Ro'argruut, der Braune Zwerg – Teil eins Ein Werkstattbericht von Rüdiger Schäfer zu PERRY RHODAN NEO 146

19. April 2017

Am 21. April 2017 erscheint »Der Schatz des Pilgerschiffes«, der aktuelle Roman von Susan Schwartz innerhalb der Serie PERRY RHODAN NEO. Für den Roman entwickelten die Exposéautoren einen originellen Schauplatz – darüber erzählt Rüdiger Schäfer in einem Werkstattbericht.

Wegen seiner Länge erscheint der Bericht in drei Teilen: heute Teil eins, morgen Teil zwei, übermorgen Teil drei.

Es war am Nikolaustag. Am 6. Dezember 2016, kurz vor zwei Uhr nachmittags, erhielt ich eine Mail von Michael H. Buchholz. Wir saßen damals am Exposé für PERRY RHODAN NEO 146 und suchten noch nach einem möglichst originellen Schauplatz für den Schiffbruch, den Perry Rhodan und Tuire Sitareh in diesem Band erleiden sollten. Da der Roman für Susan Schwartz vorgesehen war, sollte es nach Möglichkeit eine fantasylastige Welt sein, damit die Autorin ihre Stärken voll ausspielen konnte.

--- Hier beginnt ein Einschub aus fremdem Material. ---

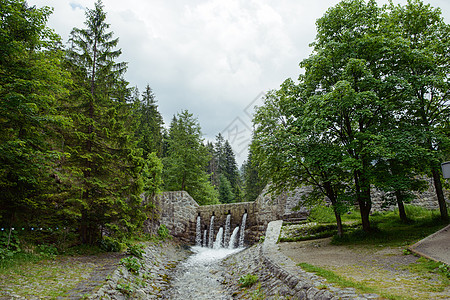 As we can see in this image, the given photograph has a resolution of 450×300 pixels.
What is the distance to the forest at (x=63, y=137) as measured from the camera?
23.2 ft

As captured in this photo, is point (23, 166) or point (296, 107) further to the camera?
point (296, 107)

»Hallo Rüdiger«, schrieb mein Exposépartner unter einen eingefügten Link, der auf eine Seite für Grenzwissenschaften führte. »Das ist doch mal was: Unser Planet ist ein Brauner Zwerg, und alles spielt sich innerhalb der Atmosphäre ab. Auf schwebenden Inseln, mithilfe der im Artikel erwähnten (und in der Grafik sichtbaren) Lebensformen. Für die Gurrads bedeutet das Notlanden dort eine irre Anpassung, die zugleich eine große Herausforderungen für Perry & Co. ist.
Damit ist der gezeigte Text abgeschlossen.